First stop, naturally, was the Basin. I know a few of you are rooting for Goldeneye, and I had high hopes, but after what must have been an extremely cold night, the open water had shrunk so much that any passing Goldeneye that had tried to land would have embedded itself in a Coot, of which there were at least a quarter of a million, all crowded into about a tennis courts worth. I moved on to the Heronry, where some kind soul at the Corporation has turned on the inflow - as such there was a lot more clear water than otherwise would have been the case, and though there were no Goldeneye, a pile of Pochard (is that the correct collective noun?) were enjoying an early morning preeing session. I busied myself getting ready for post-preening flaps, which were numerous and excellent, and while I was doing that noticed a very small Woodpecker fly to the trees at the end of the Perch pond. Yay! I wandered over but it had vanished - I thought I had heard one a few days ago, but it only called once, and good conscience prevented me from counting it in case it had been a Starling or something, which have been known to make a similar sound and bamboozle me before.
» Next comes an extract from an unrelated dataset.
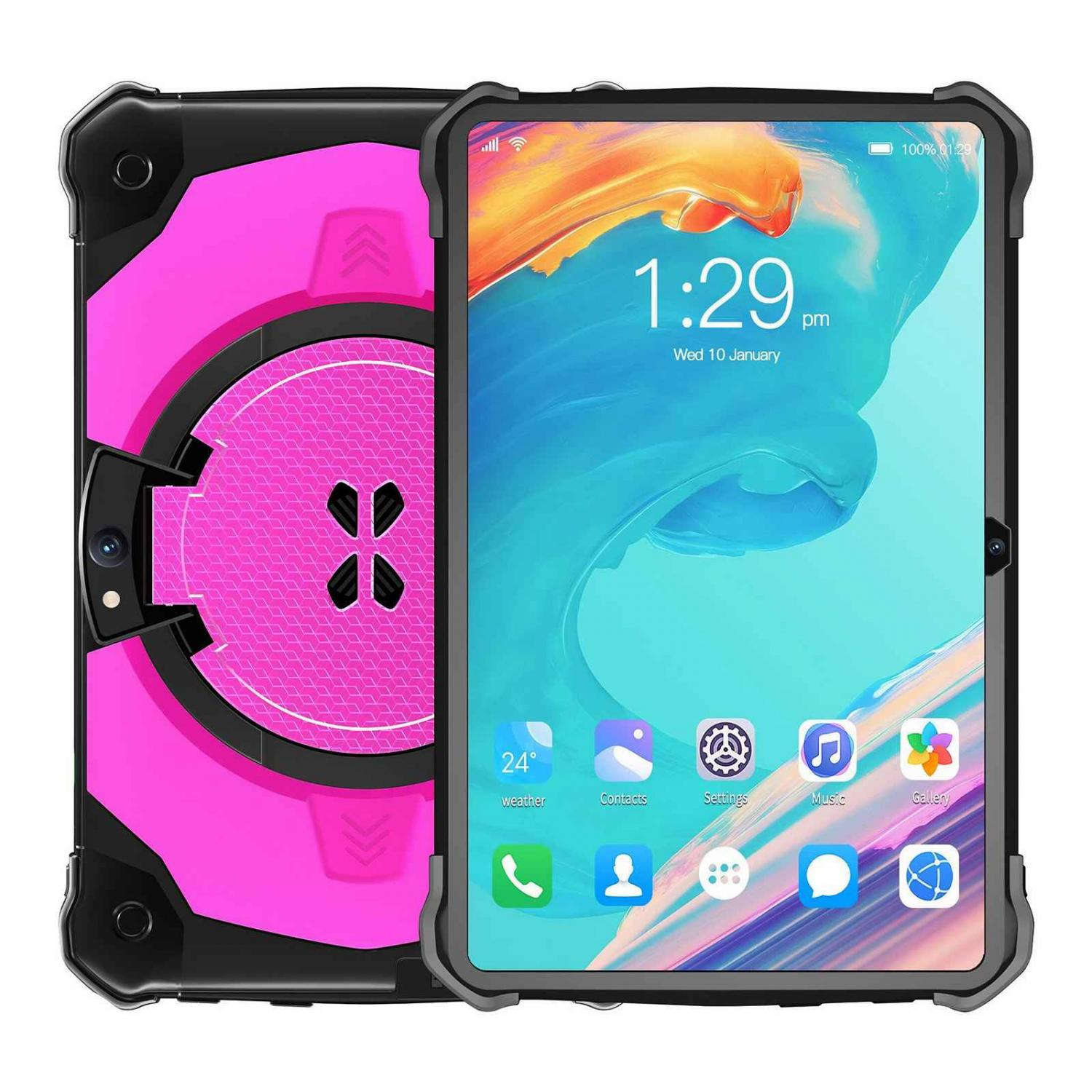 Ein rosa und schwarzes Tablet mit einem großen Bildschirm, der die Uhrzeit 1:29 Uhr anzeigt.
Once Crufts was fully underway, complete with entrants joyfully causing some duck angst, I mosied over to the Old Sewage Works, where literally the first birds I saw were two Linnet, another patch yeartick. For those of you keeping track, that's 78, which is loads and loads. Pleased with this minor success - in fact the first Linnets I've seen anywhere this year - I headed to the Roding for an extended Smew photography session. This went very badly, mainly caused by the total absence of Smew. I walked down into Mordor, ie off the patch, but there was no sign to the Aldersbrook, though 15 Teal, all on-patch, were quite nice. I went a similar distance upstream to about level with the Canal, but there were no birds at all that end, mainly due to dog. So I gave up and went for another cup of tea, and two bits of cake - one a late breakfast (the banana one), the second a mid-morning snack (the carrot one). Both were excellent, and fully justified by the cold weather that I'm sure I read is much more calorie-intensive.
|South of the bridge|
|North of the bridge|
Although it was great on the patch, lovely light and so on, the call of an Essex Woodlark, currently living it up in the picturesque Roding Valley Park (in a dog-shit strewn stretch of mud underneath the M11 flyover) proved too strong. I picked up Bradders kind of en route, and found the spot without any trouble at all. Mainly by smell. I can categorically say that I have never been anywhere, and this includes Cornwall and Grays, where I have seen quite so much dog muck concentrated in one spot. Whether this is the work of a single dog over a long period, or multiple dogs over a shorter period I cannot speculate. However, protected from the weather by the motorway above, it endures beyond its normal lifespan, and was EVERYWHERE and totally disgusting. And hopping around amonst the innumerable little curls of turd was a fantastic and congenitally anosmiac Woodlark.
Much as I enjoyed the bucolic appeal of the area, it was the only bird there, and once it been flushed by a horse, a bike, several dog-walkers, several dogs and a nameless photographer, we felt it was time to leave. With high tide approaching, we made for the river. Rainham, to be precise, which had the draw of warm food as well as birds. In the visitor centre I looked longingly at the homemade Bakewell slices, but then saw the price - £2.10. Seriously. Rainham food prices seemingly suffer from hyper-inflation. Every time I go there the price has risen again, the place makes Canary Wharf look cheap. I've not been keeping notes, that would be very petty, but last time I came the Bakewells were £1.80 or £1.90, and before that they were £1.40, and the sausage rolls were £2.00 - now they're £2.50. It is getting beyond unreasonable, and I don't mind saying so. I know they need to pay for the mega-hides somehow, but it's out of control. None of this matters as Bradders bought lunch, though in deference to his recently deceased boiler I skipped the cake. Just so you know RSPB, a piece of cake at the Tea Hut of Happiness costs 60p, and a cup of tea is 70p.
Perfect, no post would be complete without a good whinge.